Friday 30 August 2013

A Little Tone Shift Goes A Long Way

Some prankster posted this silly, yet ingenious, video on Youtube; it's a trailer for slapstick Robin Williams cross-dressing comedy Mrs Doubtfire, sinisterly recut as a psychological thriller. Mrs Doubtfire could never be accused of being serious or dark in any way, but with careful editing and some dramatic/ scary music and heavy breathing on the soundtrack, the film appears 100% different to the finished product. It adds yet another string to Mrs Doubtfire's bow as the greatest film of the 90s.

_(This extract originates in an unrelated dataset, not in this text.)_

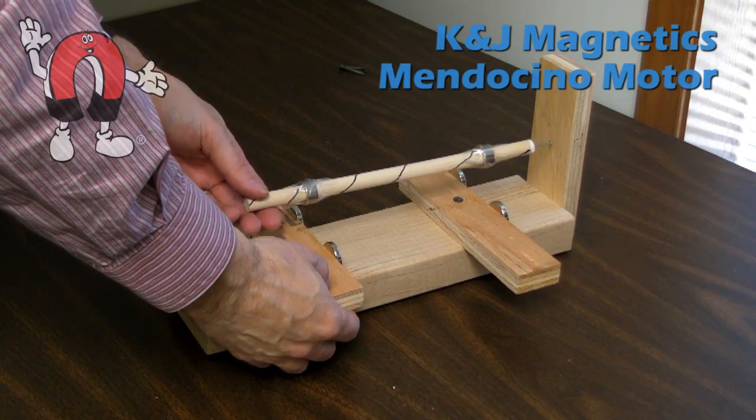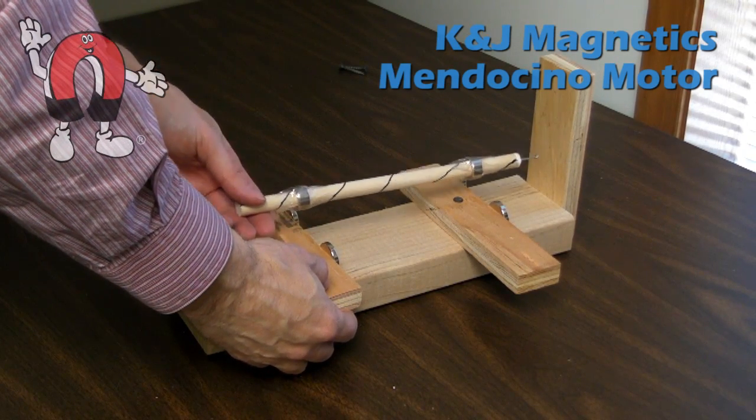And here we just double-check to make sure that the magnets on this set are directly underneath the magnets of the shaft.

It's amazing how little you have to do to completely shift an audience's perception of something, and shows how important it is to strike the right tone to get your message across. There are tons of little things that might affect somebody's reading of literature, from what they've read in the past to their own life experiences, and you can never truly know how anybody is going to take an idea or plot. I've written stories and people have completely missed the point I was trying to make, or reached an entirely separate conclusion. Mostly this has been my fault because I thought things were obvious when they weren't, since the story in my head is so much bigger than the words that make it onto the page. It's hard to put yourself in a reader's shoes, coming at the story fresh rather than having read it fifty times and edited it to death, to put the right number of clues in to make your meaning clear, but not overdo it and spoonfeed your message. Writing is difficult!